The Two Noble Kinsmen
Act 1, Scene 2
Thebes. The palace.
- Enter Palamon and Arcite.
Arcite2 - 13
- Dear Palamon, dearer in love than blood,
- And our prime cousin, yet unhard’ned in
- The crimes of nature—let us leave the city
- Thebes, and the temptings in’t, before we further
- Sully our gloss of youth:
- And here to keep in abstinence we shame
- As in incontinence; for not to swim
- I’ th’ aid o’ th’ current were almost to sink,
- At least to frustrate striving, and to follow
- The common stream, ’twould bring us to an eddy
- Where we should turn or drown; if labor through,
- Our gain but life and weakness.
Palamon14 - 28
- Your advice
- Is cried up with example. What strange ruins,
- Since first we went to school, may we perceive
- Walking in Thebes! Scars and bare weeds
- The gain o’ th’ martialist, who did propound
- To his bold ends honor and golden ingots,
- Which though he won, he had not; and now flurted
- By peace, for whom he fought, who then shall offer
- To Mars’s so scorn’d altar? I do bleed
- When such I meet, and wish great Juno would
- Resume her ancient fit of jealousy
- To get the soldier work, that peace might purge
- For her repletion, and retain anew
- Her charitable heart, now hard, and harsher
- Than strife or war could be.
Arcite29 - 34
- Are you not out?
- Meet you no ruin but the soldier in
- The cranks and turns of Thebes? You did begin
- As if you met decays of many kinds.
- Perceive you none that do arouse your pity
- But th’ unconsider’d soldier?
Palamon35 - 38
- Yes, I pity
- Decays where e’er I find them, but such most
- That sweating in an honorable toil
- Are paid with ice to cool ’em.
Arcite39 - 47
- ’Tis not this
- I did begin to speak of.
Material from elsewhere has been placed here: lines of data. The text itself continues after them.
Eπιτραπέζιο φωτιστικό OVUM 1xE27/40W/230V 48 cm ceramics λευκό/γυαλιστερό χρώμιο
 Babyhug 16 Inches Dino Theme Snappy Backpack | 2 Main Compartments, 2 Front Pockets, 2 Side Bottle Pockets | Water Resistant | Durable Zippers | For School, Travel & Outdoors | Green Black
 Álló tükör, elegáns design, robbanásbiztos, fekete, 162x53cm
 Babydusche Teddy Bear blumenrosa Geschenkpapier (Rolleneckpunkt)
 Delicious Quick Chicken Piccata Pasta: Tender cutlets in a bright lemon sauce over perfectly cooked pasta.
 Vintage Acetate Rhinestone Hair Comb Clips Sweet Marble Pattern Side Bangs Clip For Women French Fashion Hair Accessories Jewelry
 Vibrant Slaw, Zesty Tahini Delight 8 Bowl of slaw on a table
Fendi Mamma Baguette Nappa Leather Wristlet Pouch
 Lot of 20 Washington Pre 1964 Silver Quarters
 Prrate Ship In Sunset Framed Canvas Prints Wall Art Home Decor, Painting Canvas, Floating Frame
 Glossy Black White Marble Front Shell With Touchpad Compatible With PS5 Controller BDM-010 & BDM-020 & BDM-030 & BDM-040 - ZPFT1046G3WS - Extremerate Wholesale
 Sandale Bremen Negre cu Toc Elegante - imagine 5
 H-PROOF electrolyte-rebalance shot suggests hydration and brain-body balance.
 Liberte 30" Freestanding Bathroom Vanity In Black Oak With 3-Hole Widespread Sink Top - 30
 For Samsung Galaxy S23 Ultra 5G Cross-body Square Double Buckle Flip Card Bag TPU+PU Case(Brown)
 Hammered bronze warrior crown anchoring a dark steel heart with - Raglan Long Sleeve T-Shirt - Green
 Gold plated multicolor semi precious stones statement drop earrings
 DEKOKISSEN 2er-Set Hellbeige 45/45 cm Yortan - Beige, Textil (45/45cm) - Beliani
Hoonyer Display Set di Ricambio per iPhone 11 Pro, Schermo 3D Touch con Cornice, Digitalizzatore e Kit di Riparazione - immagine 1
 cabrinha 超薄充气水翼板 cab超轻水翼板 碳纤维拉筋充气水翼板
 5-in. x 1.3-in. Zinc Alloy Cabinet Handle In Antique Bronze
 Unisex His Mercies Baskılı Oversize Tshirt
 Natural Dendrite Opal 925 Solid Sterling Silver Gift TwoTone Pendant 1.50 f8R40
This is virtue
- Of no respect in Thebes. I spake of Thebes,
- How dangerous, if we will keep our honors,
- It is for our residing; where every evil
- Hath a good color; where ev’ry seeming good’s
- A certain evil; where not to be ev’n jump
- As they are, here were to be strangers, and
- Such things to be, mere monsters.
Palamon48 - 68
- ’Tis in our power
- (Unless we fear that apes can tutor’s) to
- Be masters of our manners. What need I
- Affect another’s gait, which is not catching
- Where there is faith? Or to be fond upon
- Another’s way of speech, when by mine own
- I may be reasonably conceiv’d; sav’d too,
- Speaking it truly? Why am I bound
- By any generous bond to follow him
- Follows his tailor, haply so long until
- The follow’d make pursuit? Or let me know
- Why mine own barber is unblest, with him
- My poor chin too, for ’tis not scissor’d just
- To such a favorite’s glass? What canon is there
- That does command my rapier from my hip,
- To dangle’t in my hand, or to go tiptoe
- Before the street be foul? Either I am
- The forehorse in the team, or I am none
- That draw i’ th’ sequent trace. These poor slight sores
- Need not a plantin; that which rips my bosom
- Almost to th’ heart’s—
- Our uncle Creon.
Palamon70 - 82
- A most unbounded tyrant, whose successes
- Makes heaven unfear’d, and villainy assured
- Beyond its power there’s nothing; almost puts
- Faith in a fever, and deifies alone
- Voluble chance; who only attributes
- The faculties of other instruments
- To his own nerves and act; commands men service,
- And what they win in’t, boot and glory; one
- That fears not to do harm; good, dares not. Let
- The blood of mine that’s sib to him be suck’d
- From me with leeches! Let them break and fall
- Off me with that corruption!
Arcite83 - 88
- Clear-spirited cousin,
- Let’s leave his court, that we may nothing share
- Of his loud infamy; for our milk
- Will relish of the pasture, and we must
- Be vile, or disobedient—not his kinsmen
- In blood unless in quality.
Palamon89 - 95
- Nothing truer.
- I think the echoes of his shames have deaf’d
- The ears of heav’nly justice. Widows’ cries
- Descend again into their throats, and have not
- Due audience of the gods.
- Enter Valerius.
Valerius96 - 100
- The King calls for you; yet be leaden-footed
- Till his great rage be off him. Phoebus, when
- He broke his whipstock and exclaim’d against
- The horses of the sun, but whisper’d, to
- The loudness of his fury.
Palamon101 - 102
- Small winds shake him.
- But what’s the matter?
Valerius103 - 106
- Theseus (who where he threats appalls) hath sent
- Deadly defiance to him, and pronounces
- Ruin to Thebes; who is at hand to seal
- The promise of his wrath.
Arcite107 - 112
- Let him approach.
- But that we fear the gods in him, he brings not
- A jot of terror to us. Yet what man
- Thirds his own worth (the case is each of ours),
- When that his action’s dregg’d with mind assur’d
- ’Tis bad he goes about.
Palamon113 - 118
- Leave that unreason’d.
- Our services stand now for Thebes, not Creon.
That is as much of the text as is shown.